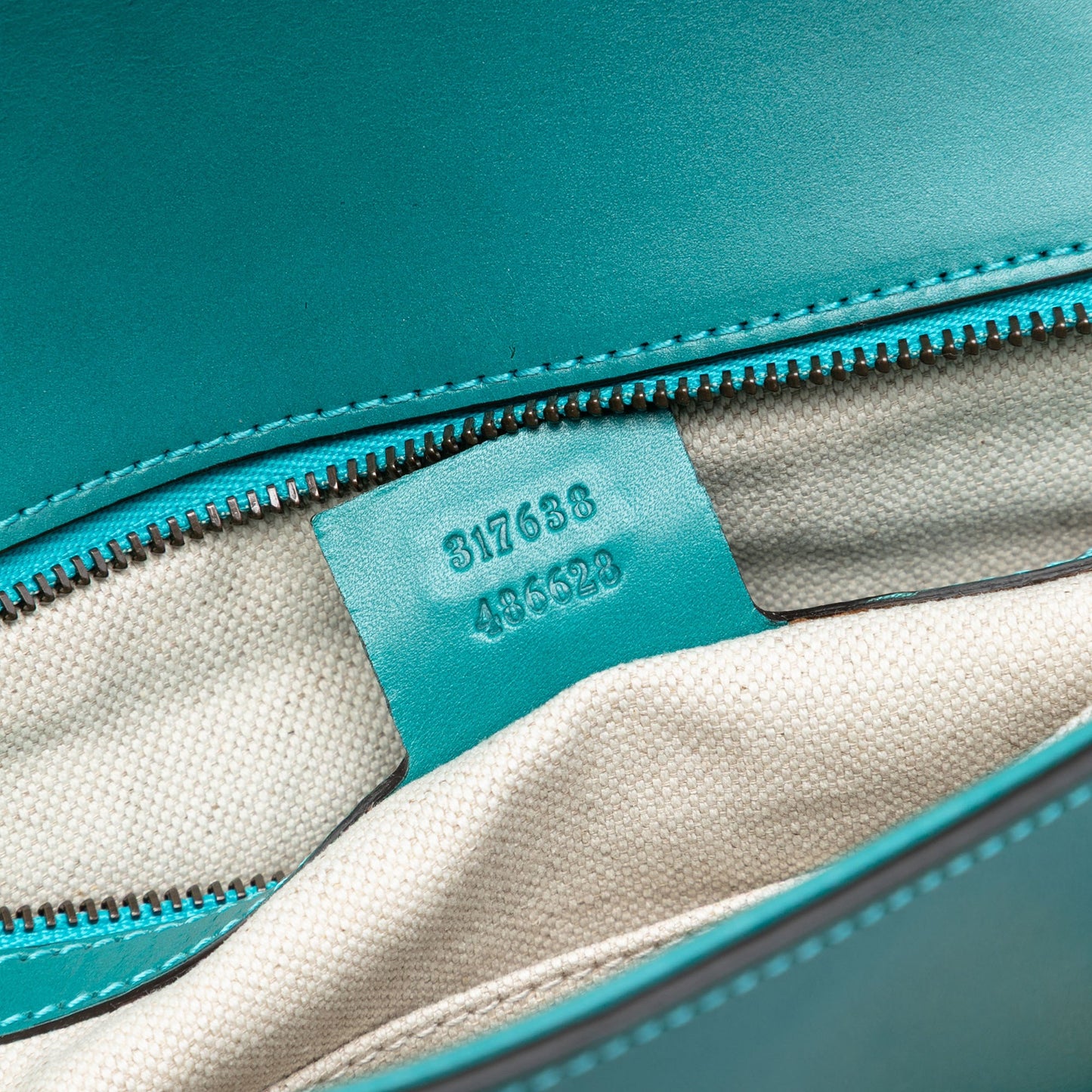 Gucci Calfskin Bright Bit Clutch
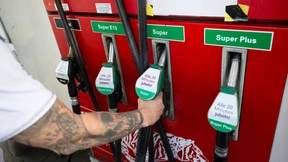 Rohöl wird billiger – Tanken wird teurer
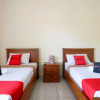 Отель RedDoorz Plus near Stadion Wijaya Kusuma, фото 23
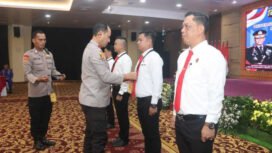 Rapat Kerja Teknis (Rakernis) Gabungan Tahun Anggaran 2025 untuk empat fungsi strategis sekaligus, yakni Ditreskrimum, Ditreskrimsus, Ditresnarkoba, dan Dittahti, pada Rabu (6/8/2025). Kegiatan berlangsung di Auditorium Lantai 7 Mapolda Sumsel dan dihadiri oleh Wakapolda Sumsel, Brigjen Pol. M. Zulkarnain, S.I.K., M.Si., para Pejabat Utama Polda, para Direktur fungsi teknis, serta para Kasatwil jajaran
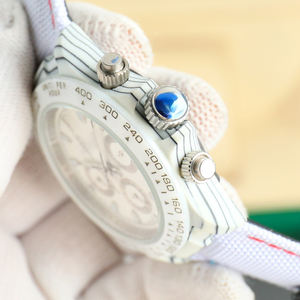 Montre personnalisée à cadran tendance et polyvalente en fibre de carbone légère avec un aspect technologique, idéale pour les montres de sport haut de gamme - Product Image 3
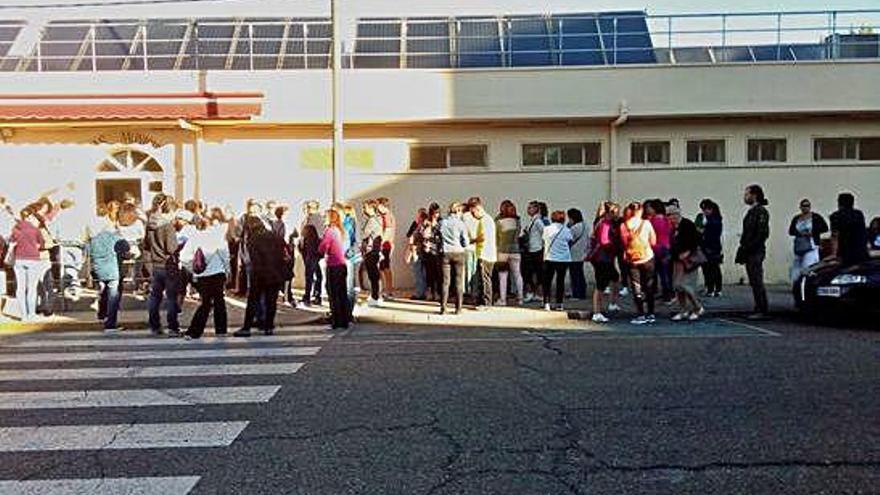 Estado del firme que presenta la calle de las piscinas municipales, donde se va a intervenir.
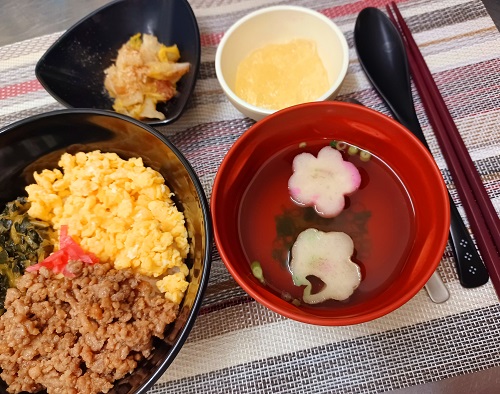 三色丼.jpg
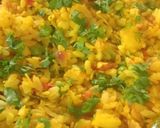 A picture of step 5 of Indori poha.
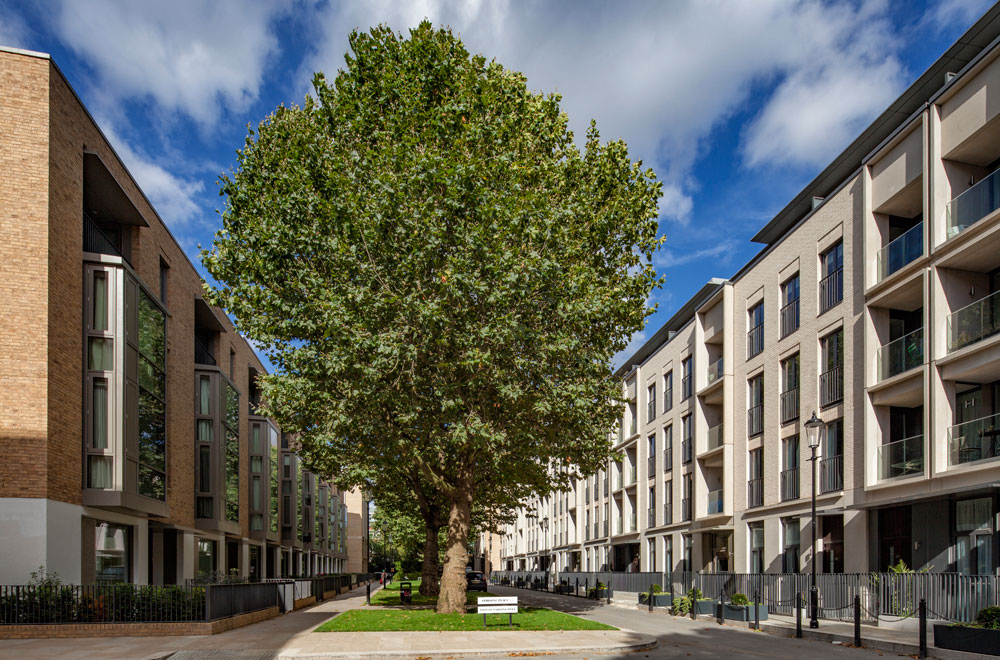 Portobello Square is the first phase of the regeneration of Wornington Green, an aging 1960s estate in Royal Borough of Kensington and Chelsea. The 324 new mixed tenure homes; 141 for private sale, 174 affordable and 9 for shared ownership follow a traditional street pattern and are built around a newly created London square.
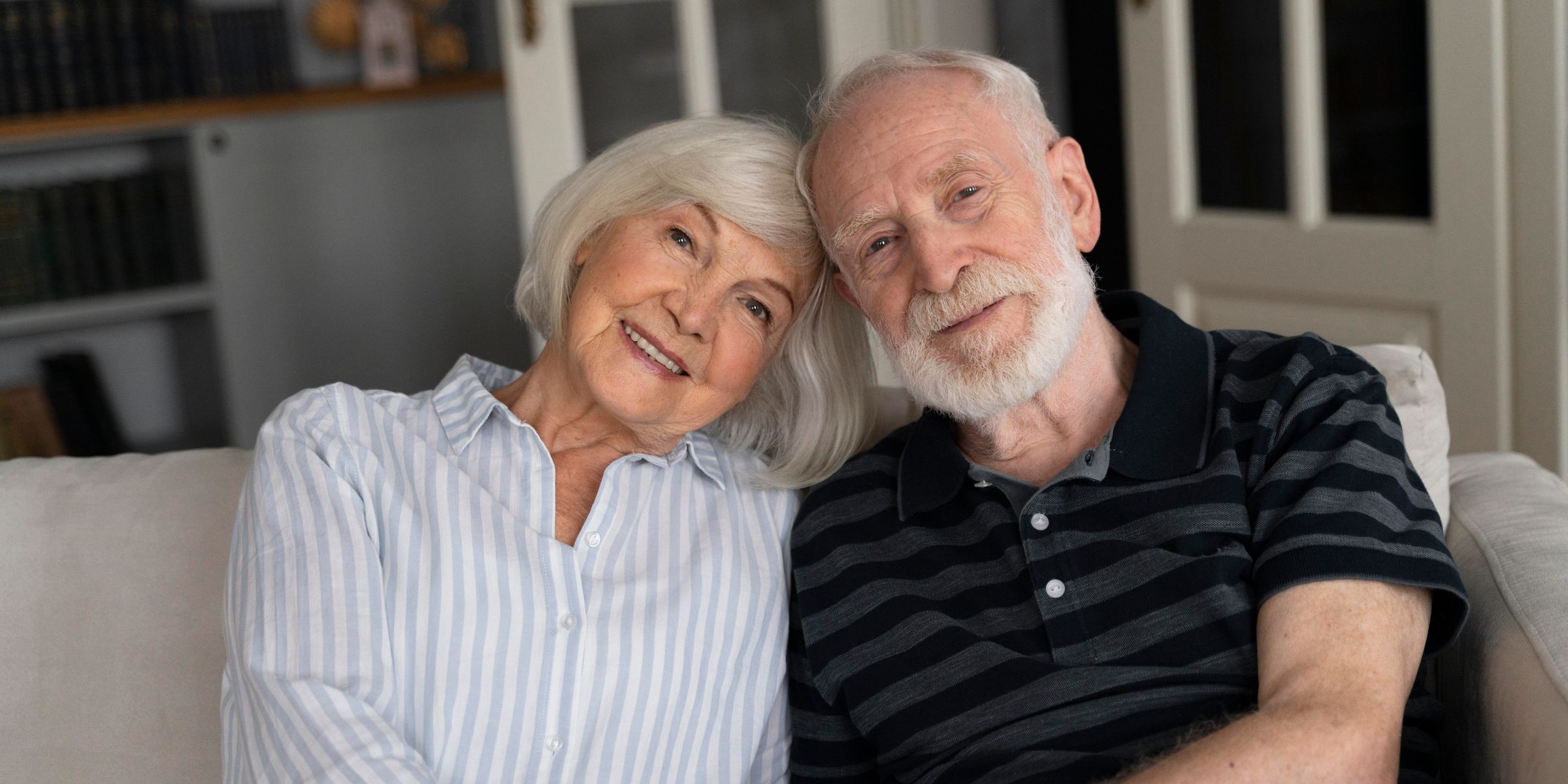 An elderly couple | Source: Magnific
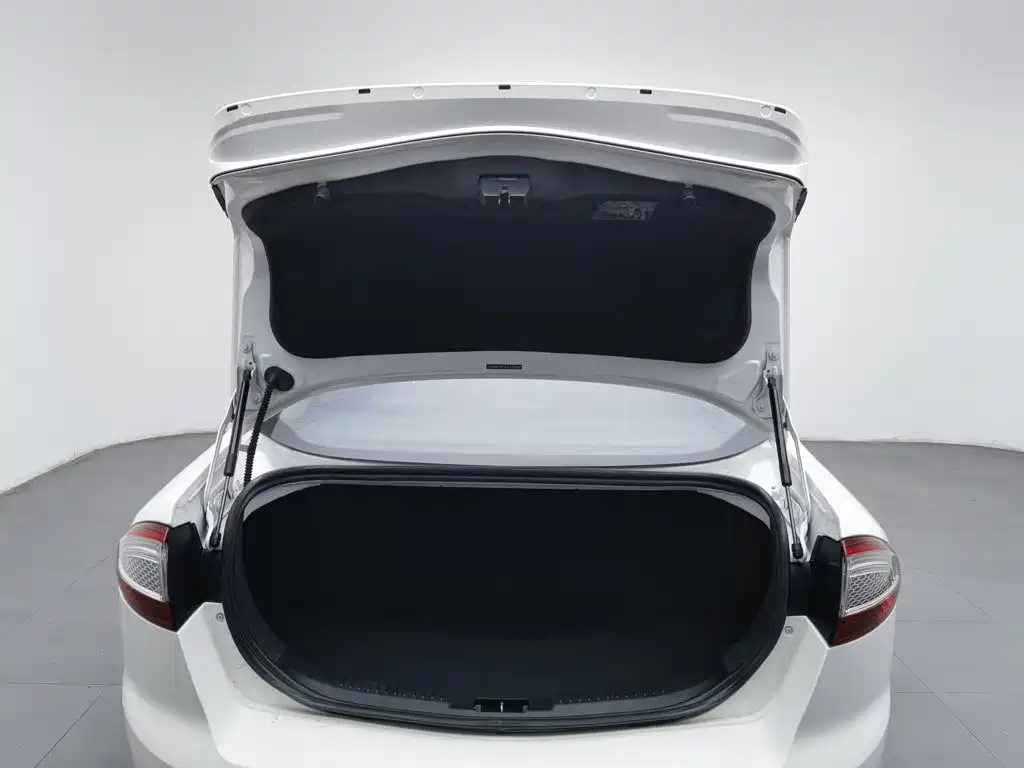 Ford Mondeo — миниатюра 16
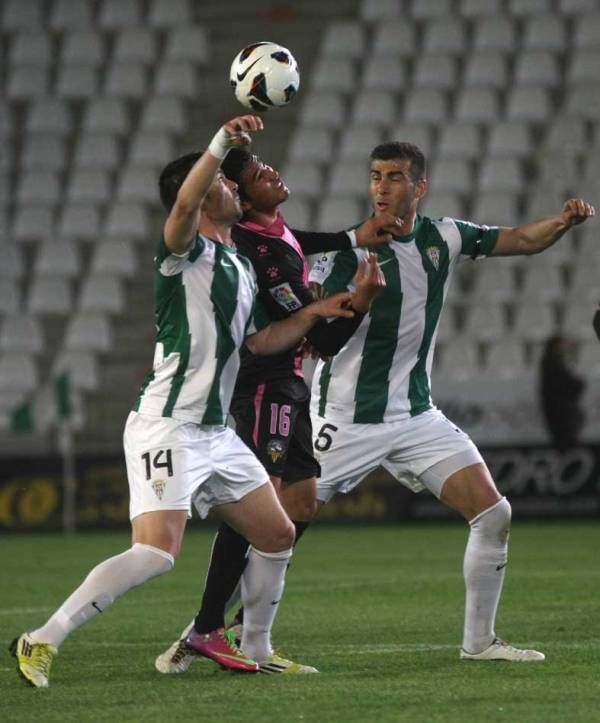 El Córdoba homenajea a Juanín con una goleada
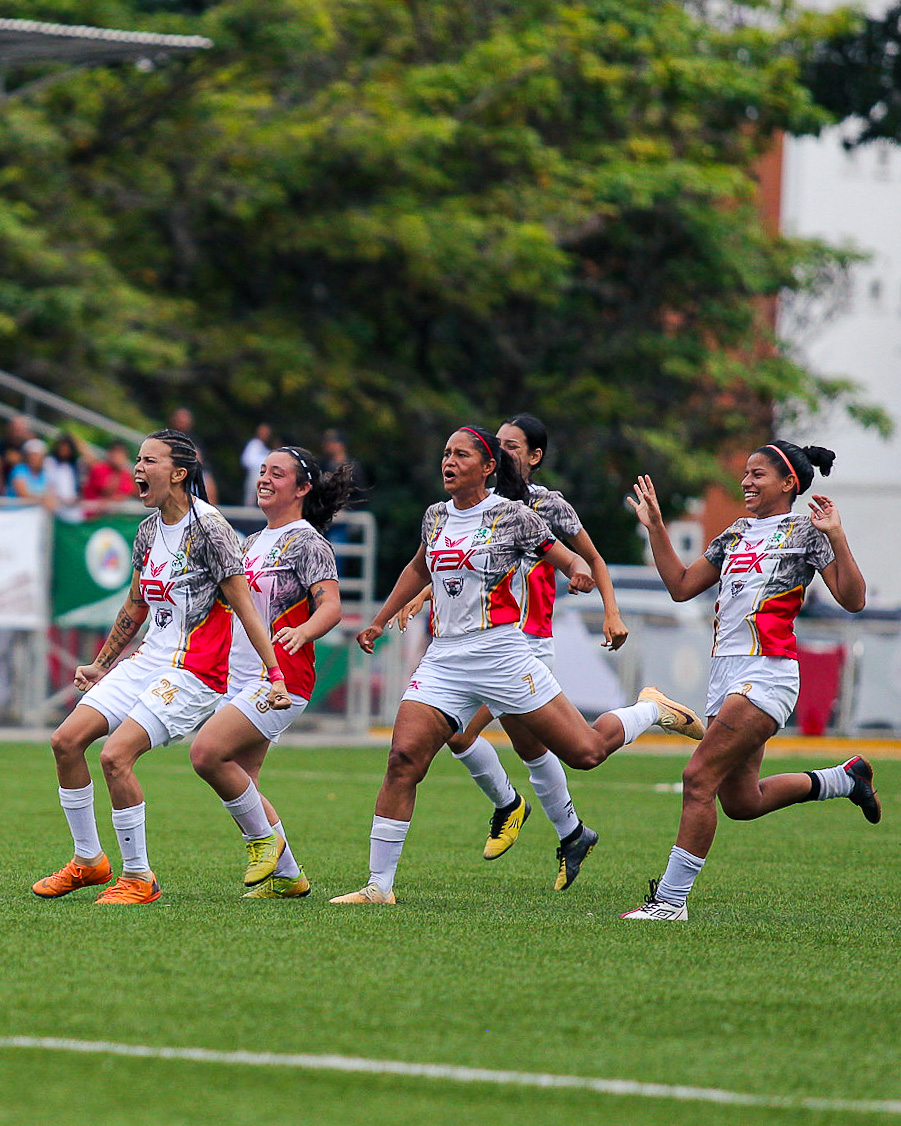 TexYehs campeonas de la Liga Nacional Femenina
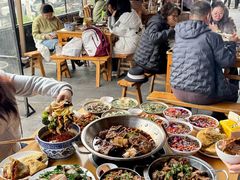 -大众跷脚牛肉馆·非遗传承单位(峨眉山店)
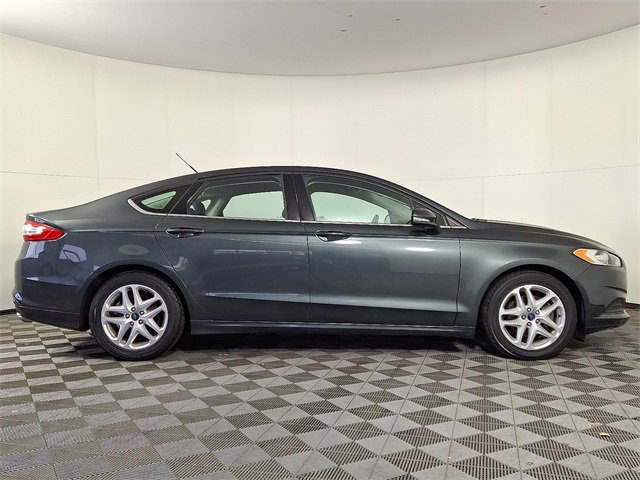 Used 2015 Ford Fusion SE image 10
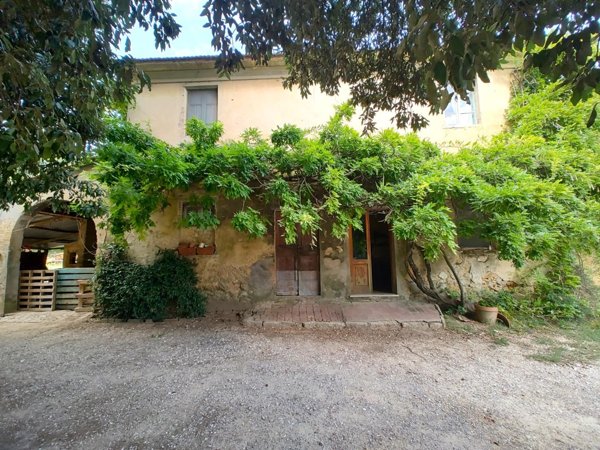 casa indipendente in vendita a Casciana Terme Lari in zona Lari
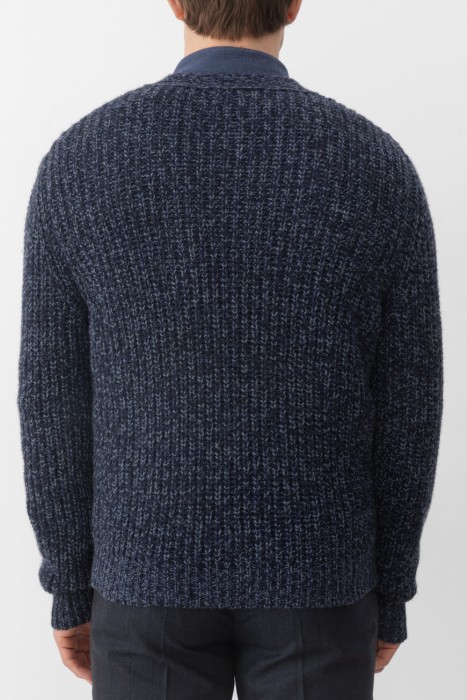 кардиган  по цене 316000 руб вид справа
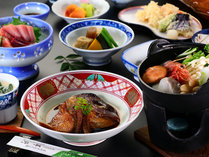 【竹コース】最も人気なコース。小鍋や小鉢が並びます。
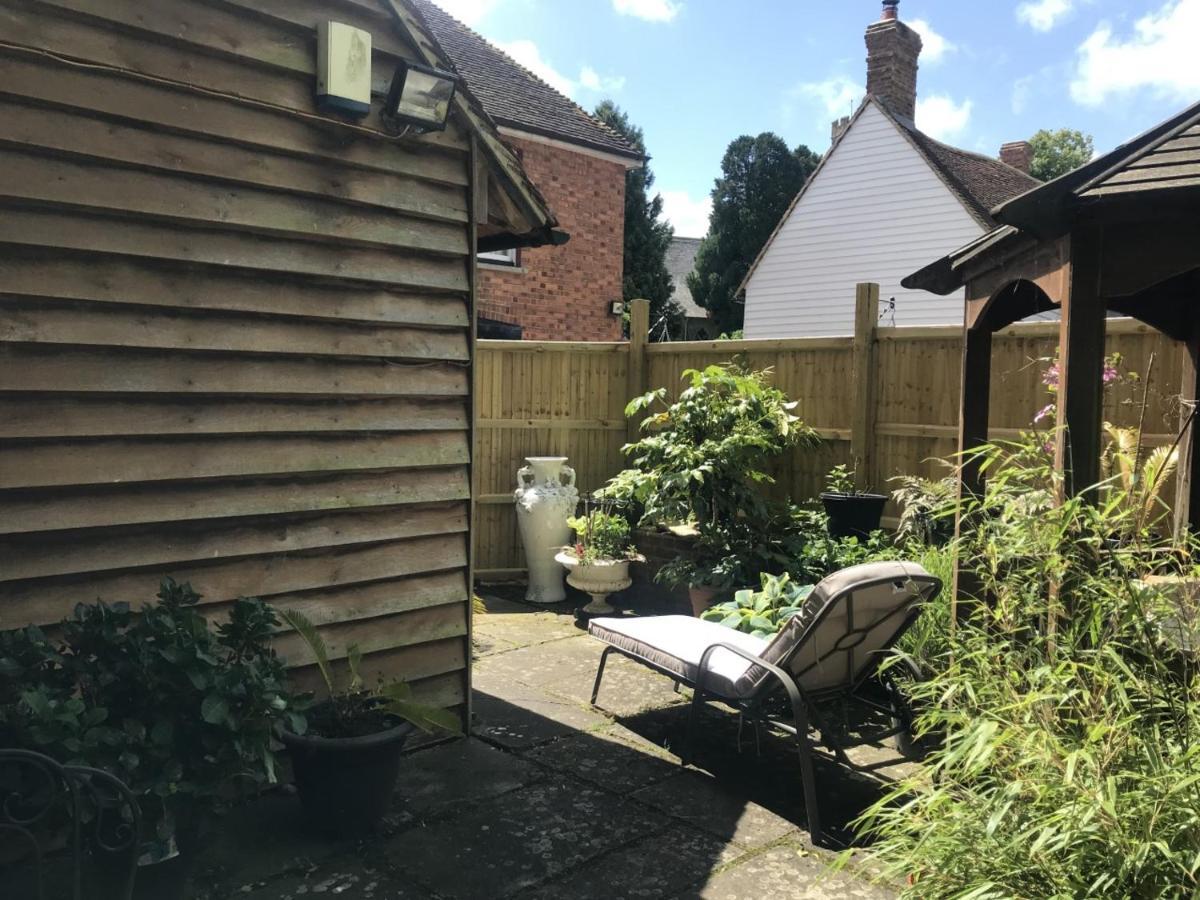 The Chequers Inn Smarden エクステリア 写真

# [What the task requires]
A clean copy is needed of the lines in the listing above from the one with "A picture of step 5 of Indori poha." through the one with "An elderly couple | Source: Magnific", exact in every word and free of pictures.

# [Solution]
 A picture of step 5 of Indori poha.
 Portobello Square is the first phase of the regeneration of Wornington Green, an aging 1960s estate in Royal Borough of Kensington and Chelsea. The 324 new mixed tenure homes; 141 for private sale, 174 affordable and 9 for shared ownership follow a traditional street pattern and are built around a newly created London square.
 An elderly couple | Source: Magnific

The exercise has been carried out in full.